▶ [WHAT THE EXERCISE ASKS]: Output exactly those lines of the data that lie between the line containing "Kraftwerk Graphic Print" and the final line, both ends counted.
[Opening INPUT MATERIAL section]
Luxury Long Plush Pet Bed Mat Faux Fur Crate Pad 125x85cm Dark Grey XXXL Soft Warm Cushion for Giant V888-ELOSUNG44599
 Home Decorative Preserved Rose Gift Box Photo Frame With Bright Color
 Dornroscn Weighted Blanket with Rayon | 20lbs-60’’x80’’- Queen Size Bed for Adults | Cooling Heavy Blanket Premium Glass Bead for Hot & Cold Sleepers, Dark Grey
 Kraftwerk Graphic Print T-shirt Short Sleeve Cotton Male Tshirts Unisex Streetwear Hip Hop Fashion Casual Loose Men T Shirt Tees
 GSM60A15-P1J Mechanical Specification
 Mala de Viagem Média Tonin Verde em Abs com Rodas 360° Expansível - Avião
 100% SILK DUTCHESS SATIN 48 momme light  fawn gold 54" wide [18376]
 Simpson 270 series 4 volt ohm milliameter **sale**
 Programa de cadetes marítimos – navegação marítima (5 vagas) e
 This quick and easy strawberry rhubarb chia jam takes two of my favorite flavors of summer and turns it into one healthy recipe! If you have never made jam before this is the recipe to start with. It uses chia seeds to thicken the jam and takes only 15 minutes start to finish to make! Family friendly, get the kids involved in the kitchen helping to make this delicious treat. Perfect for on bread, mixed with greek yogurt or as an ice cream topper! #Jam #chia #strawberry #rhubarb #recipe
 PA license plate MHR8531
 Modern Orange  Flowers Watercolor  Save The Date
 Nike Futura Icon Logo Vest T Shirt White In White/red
[Closing INPUT MATERIAL section]
▶ [WRITTEN RESPONSE]:
 Kraftwerk Graphic Print T-shirt Short Sleeve Cotton Male Tshirts Unisex Streetwear Hip Hop Fashion Casual Loose Men T Shirt Tees
 GSM60A15-P1J Mechanical Specification
 Mala de Viagem Média Tonin Verde em Abs com Rodas 360° Expansível - Avião
 100% SILK DUTCHESS SATIN 48 momme light  fawn gold 54" wide [18376]
 Simpson 270 series 4 volt ohm milliameter **sale**
 Programa de cadetes marítimos – navegação marítima (5 vagas) e
 This quick and easy strawberry rhubarb chia jam takes two of my favorite flavors of summer and turns it into one healthy recipe! If you have never made jam before this is the recipe to start with. It uses chia seeds to thicken the jam and takes only 15 minutes start to finish to make! Family friendly, get the kids involved in the kitchen helping to make this delicious treat. Perfect for on bread, mixed with greek yogurt or as an ice cream topper! #Jam #chia #strawberry #rhubarb #recipe
 PA license plate MHR8531
 Modern Orange  Flowers Watercolor  Save The Date
 Nike Futura Icon Logo Vest T Shirt White In White/red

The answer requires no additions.